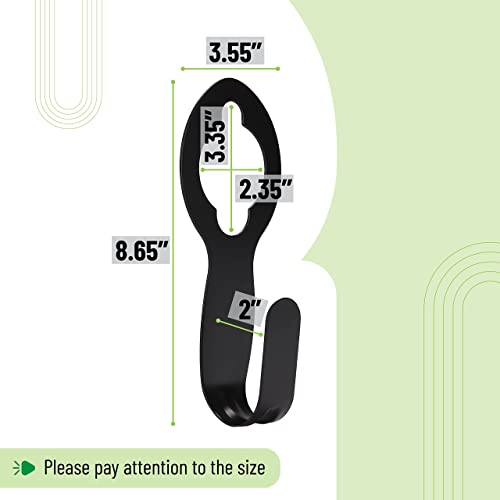 UNCO- Small Garden Hose Holder, Metal, Fit 50’ of 5/8” Expandable Hose, Garden Hose Hanger, Water Hose Holder, Water Hose Holders for Outside, Portable Hose Holder, Hanging Hose Holder - size: 1 Pack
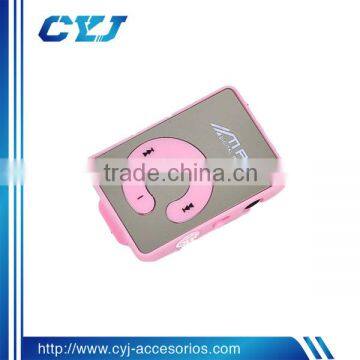 New product Made in China mini clip mp3 player, mini clip mp3 player in various colors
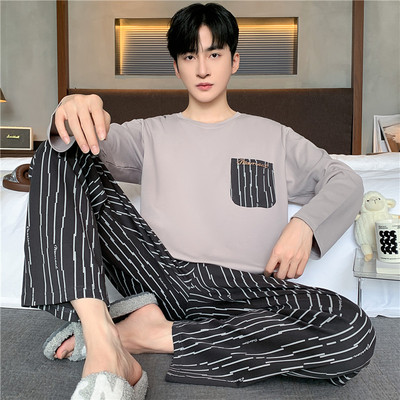 努比努米睡衣男青少年纯棉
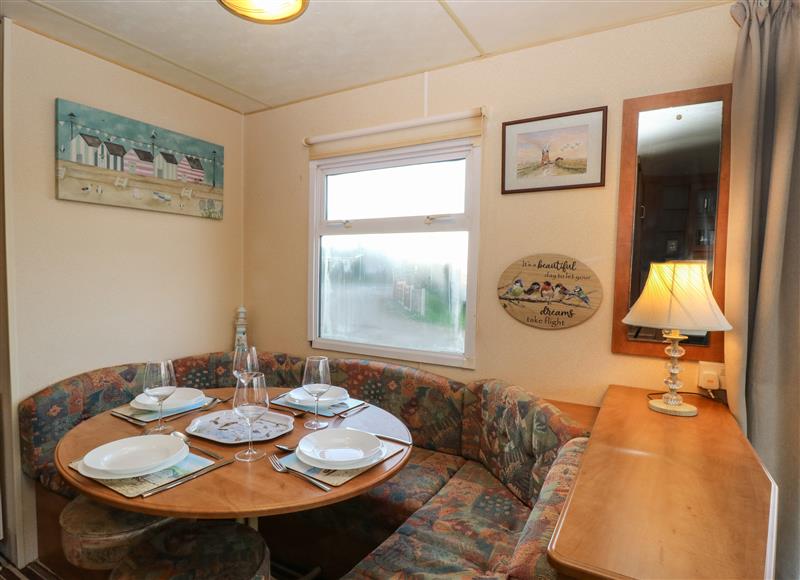 Relax in the living area at The Haven, Bacton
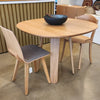 Table de repas Triku 100 cm ALKI - MODELE EXPOSITION - Pigments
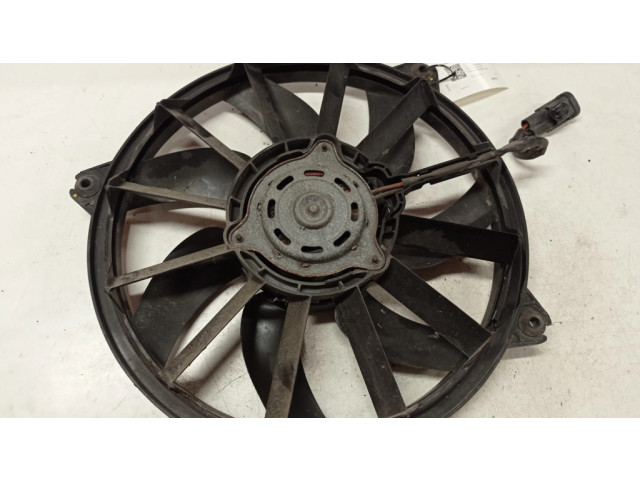 Вентилятор радиатора 9650116580, FS1450 Citroen C4 I 1.6
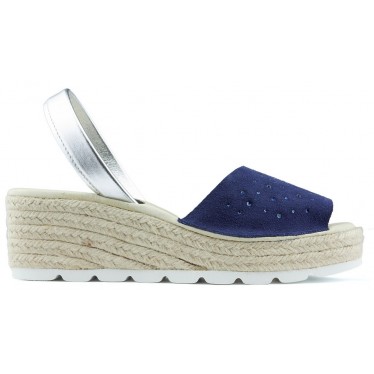 SANDALS WITH WEDGE ARANTXA SERRAJE COMODAS ELECTRIC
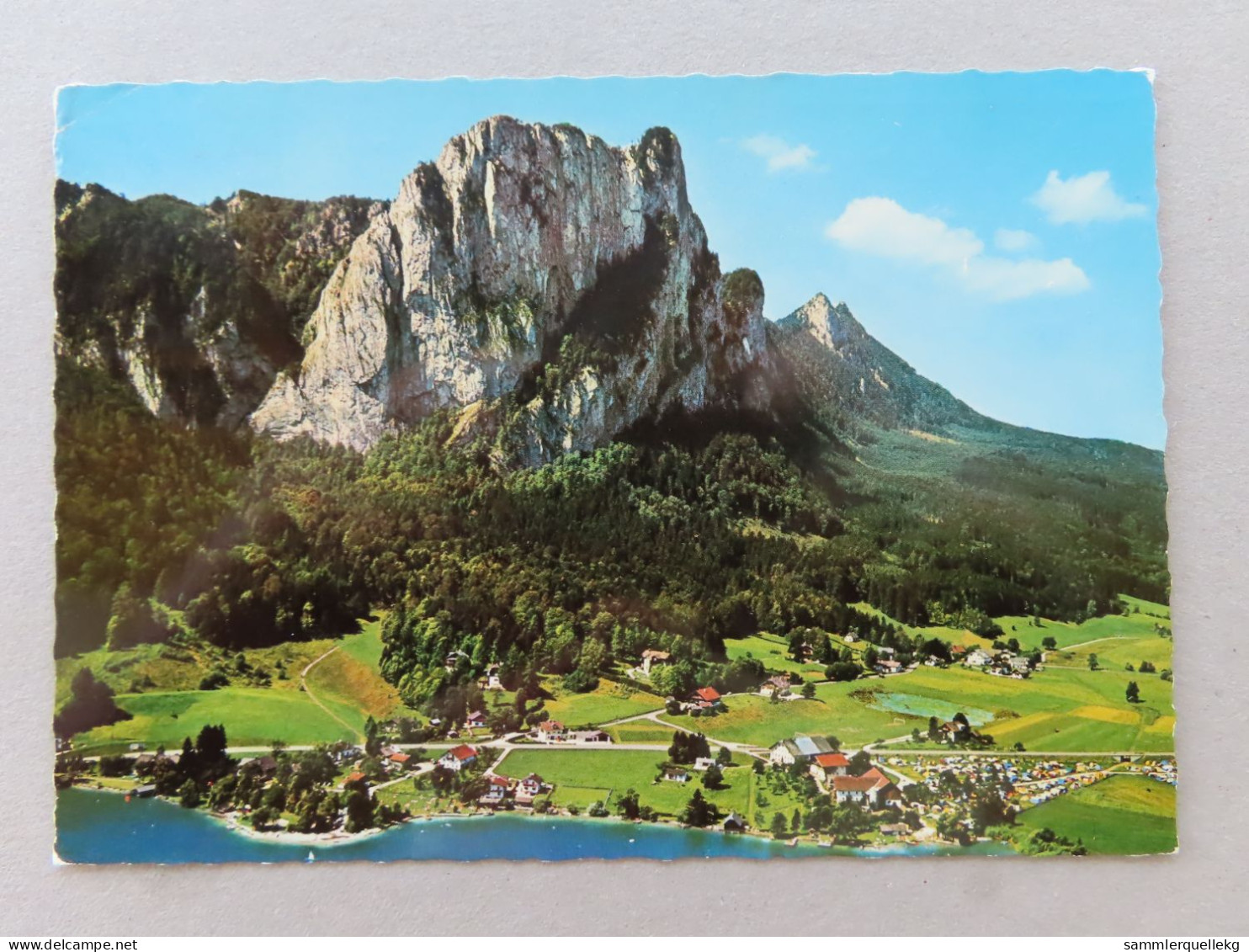 AK: Mondsee - Erholungsort Plomberg Und Chempingplatz Griss, Gelaufen (Nr. 4910) - Mondsee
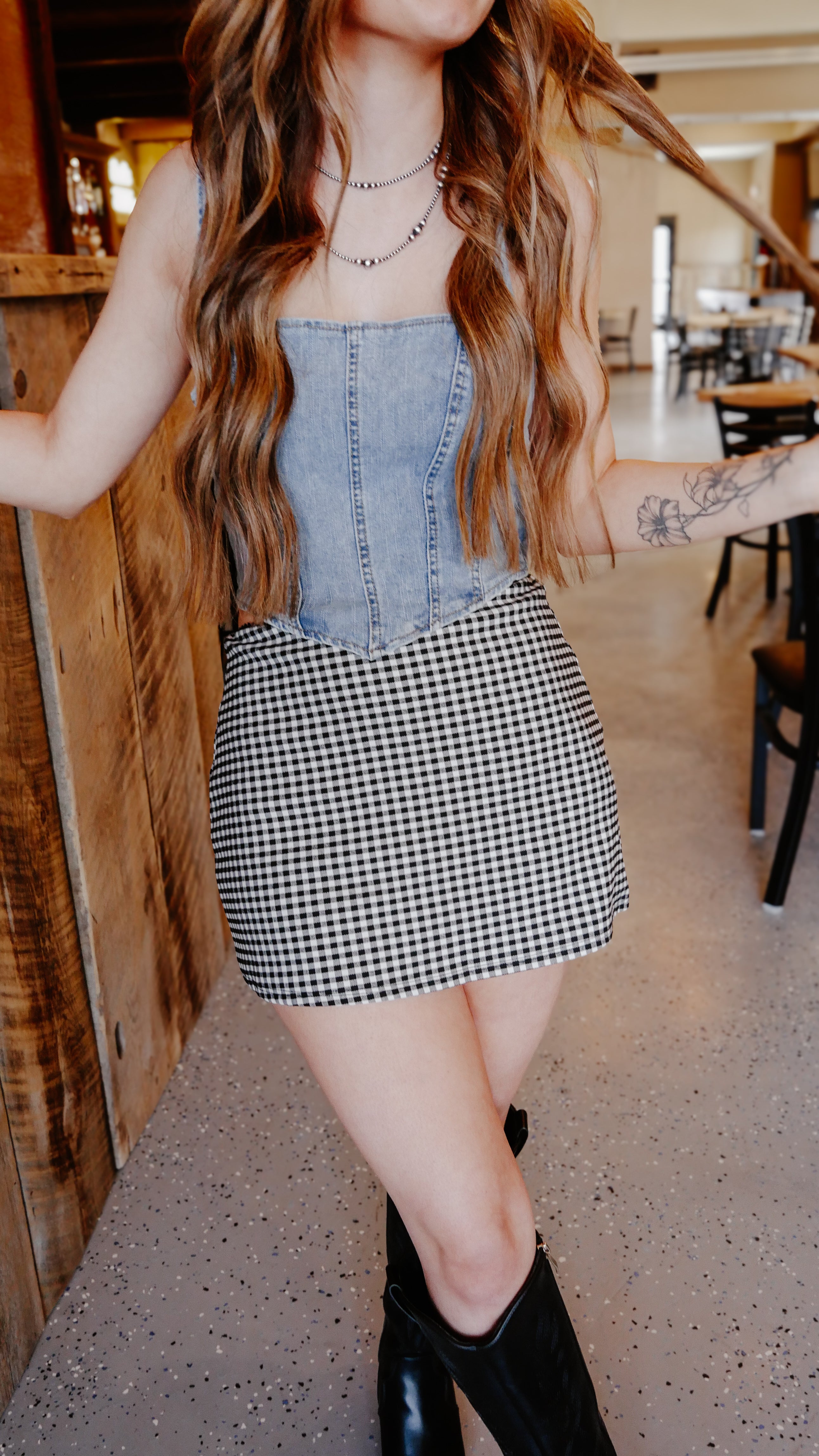 THE LEXIE MINI SKIRT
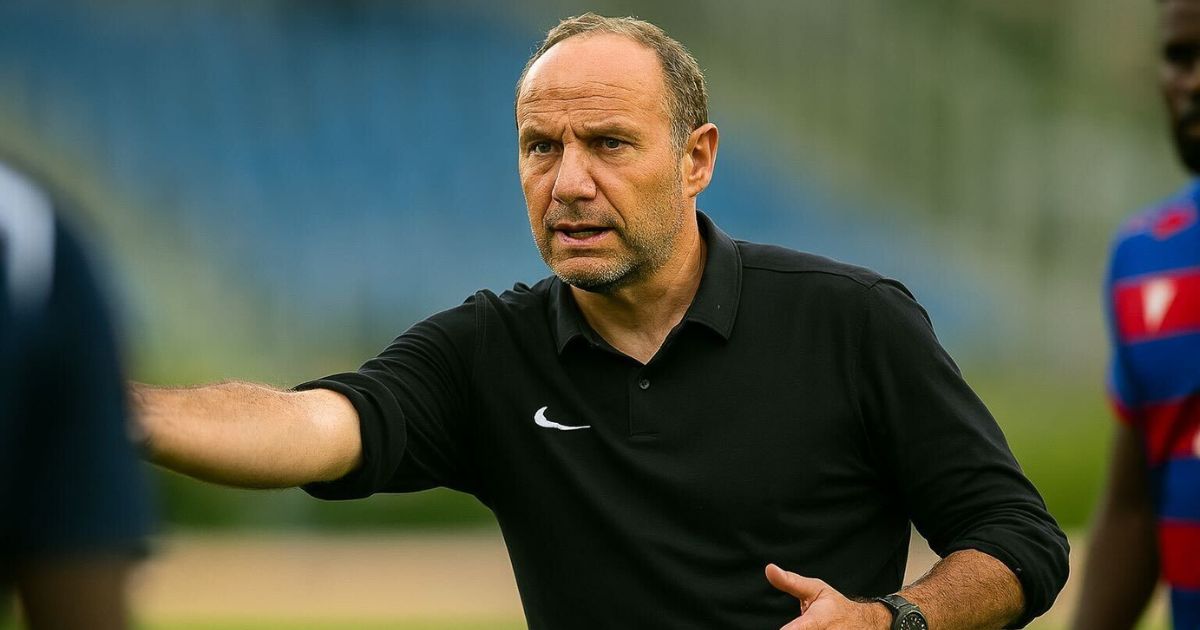 Sébastien Migné, le coach que personne n'attendait… et que l'histoire  retiendra | Juno7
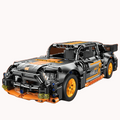 ORANGE AND BLACK SPORTS CAR | 505 pieces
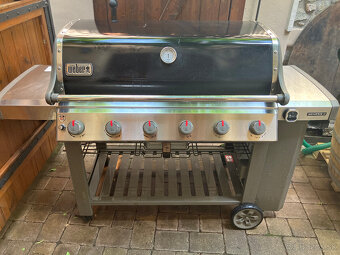 WEBER plynový gril, 6 horák - 3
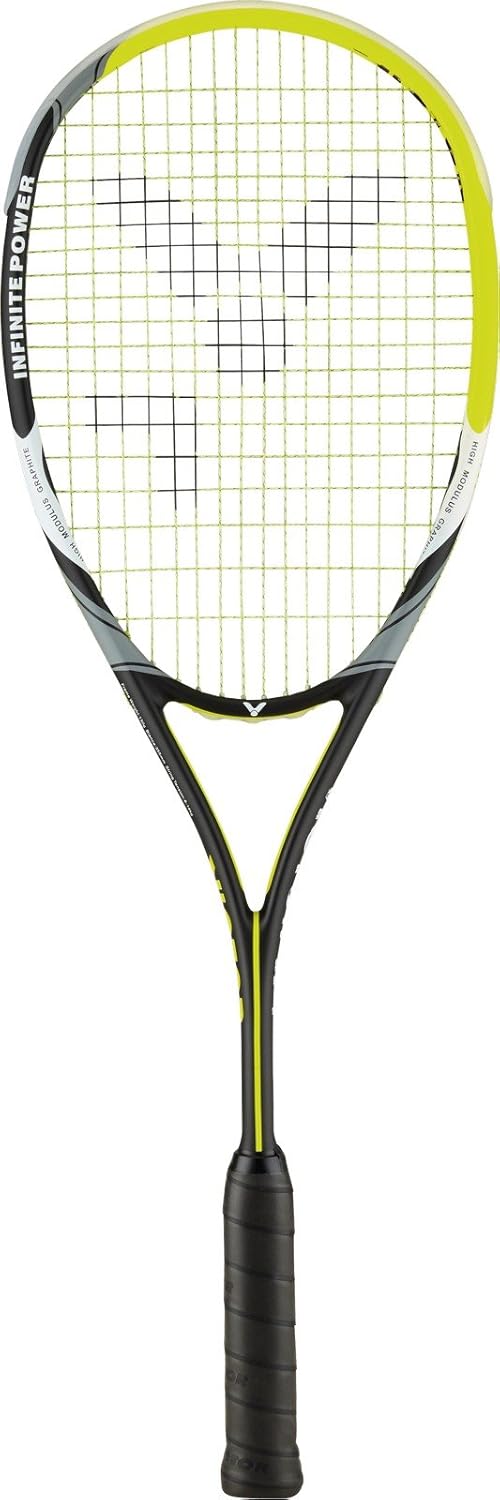 VictorVictor IP 7 Racquet - Black/Yellow/White/Silver
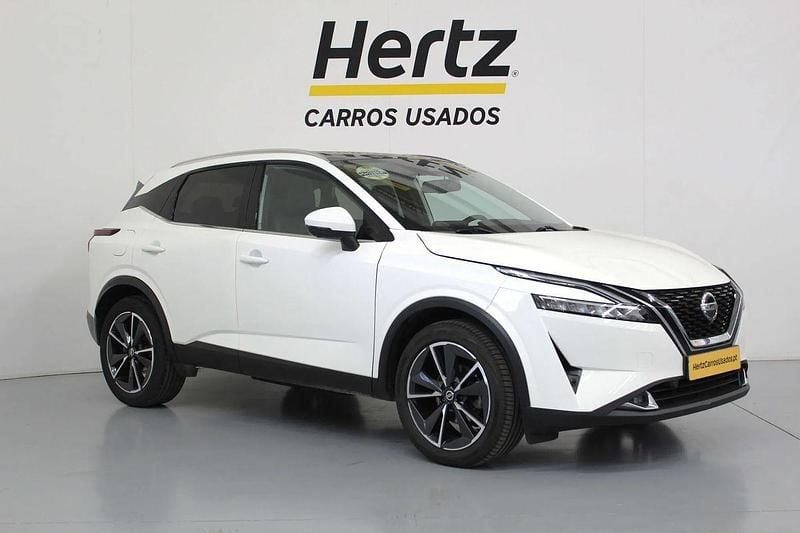 Branco Usado 2023 Nissan Qashqai Tekna SUV | € 27.390 (Bom preço) - Imagem 1/4
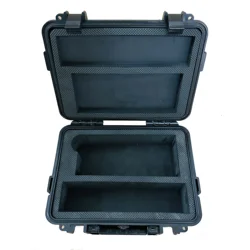 Waterproof IP67 Custom Storage Case - GOBOX Series (Black)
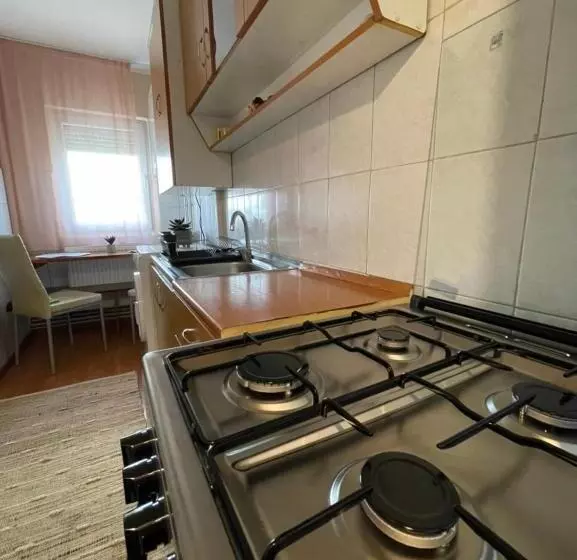 Blue Apartment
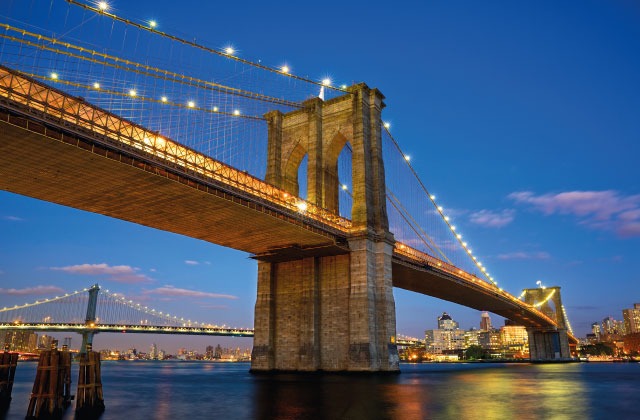 Puentes de NYC-Puente de Brooklyn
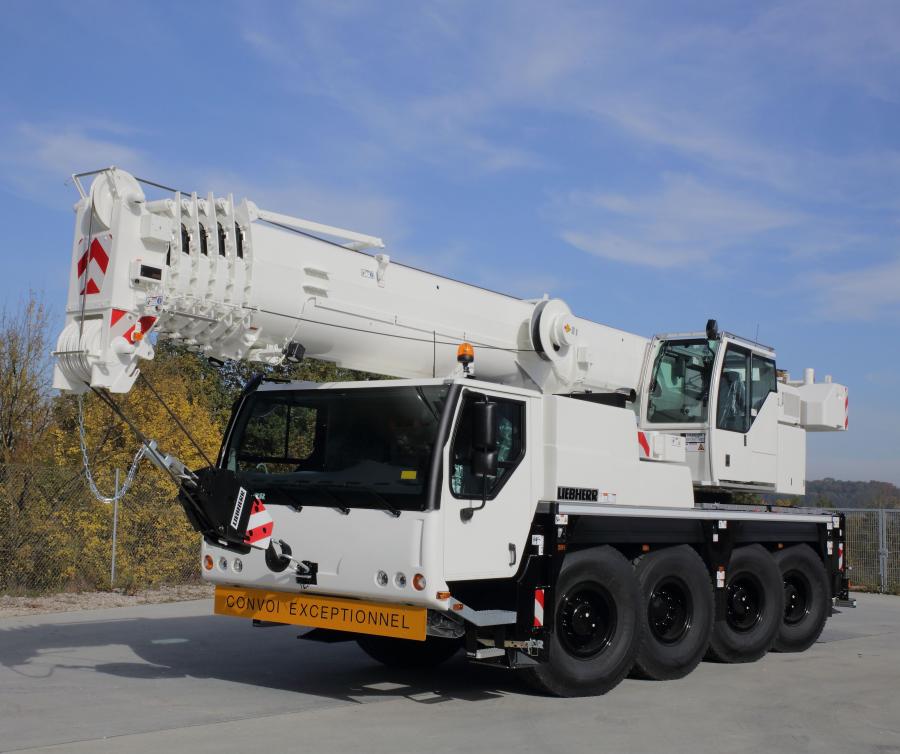 Liebherr LTM 1070-4.2 2009 года  (фото 4 из 4)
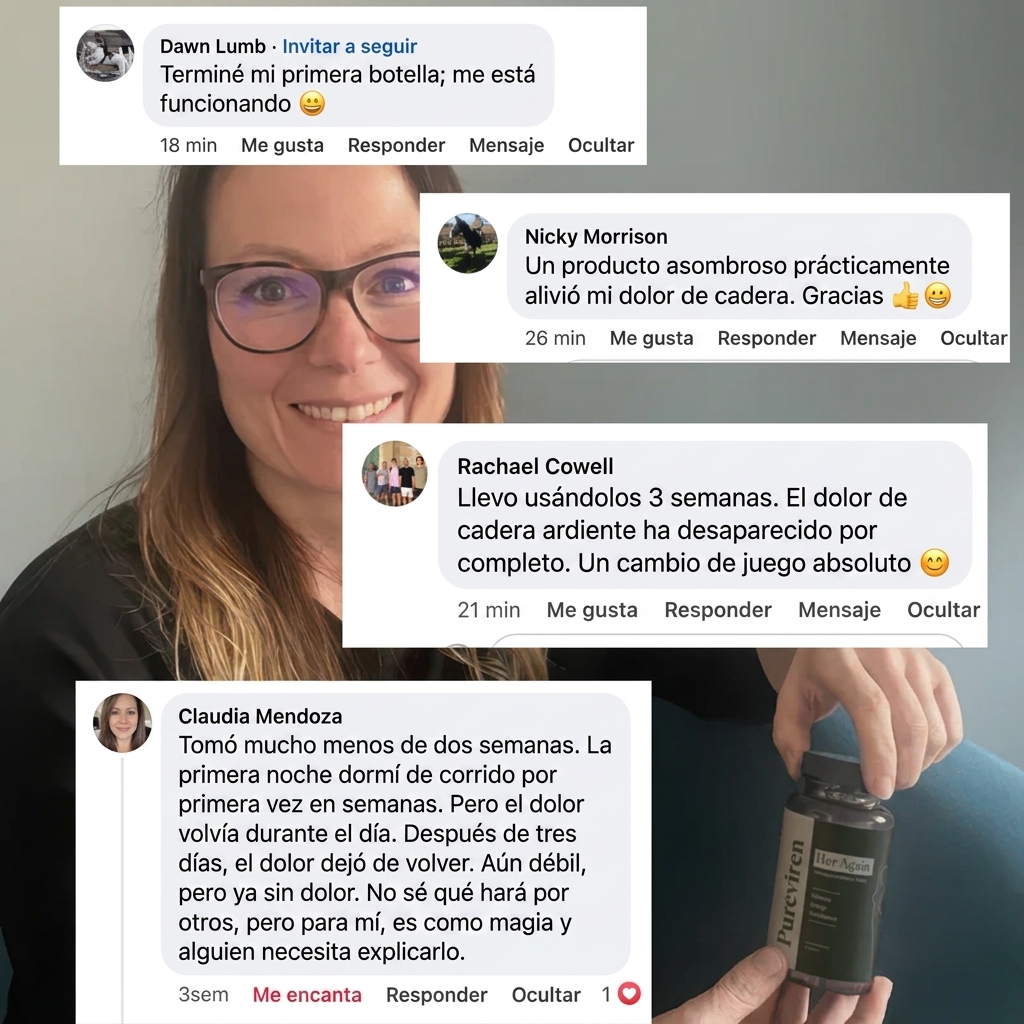 She Again | Cápsulas para el Dolor Articular de la Menopausia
* * * * * * * * *
> _Brief_:
Given the entries above, transcribe exactly the lines from the one holding "Вентилятор радиатора 9650116580, FS1450" through the one holding "Branco Usado 2023"; pictures do not belong in the transcription.

> _Exercise answer_:
 Вентилятор радиатора 9650116580, FS1450 Citroen C4 I 1.6
 SANDALS WITH WEDGE ARANTXA SERRAJE COMODAS ELECTRIC
 AK: Mondsee - Erholungsort Plomberg Und Chempingplatz Griss, Gelaufen (Nr. 4910) - Mondsee
 THE LEXIE MINI SKIRT
 Sébastien Migné, le coach que personne n'attendait… et que l'histoire  retiendra | Juno7
 ORANGE AND BLACK SPORTS CAR | 505 pieces
 WEBER plynový gril, 6 horák - 3
 VictorVictor IP 7 Racquet - Black/Yellow/White/Silver
 Branco Usado 2023 Nissan Qashqai Tekna SUV | € 27.390 (Bom preço) - Imagem 1/4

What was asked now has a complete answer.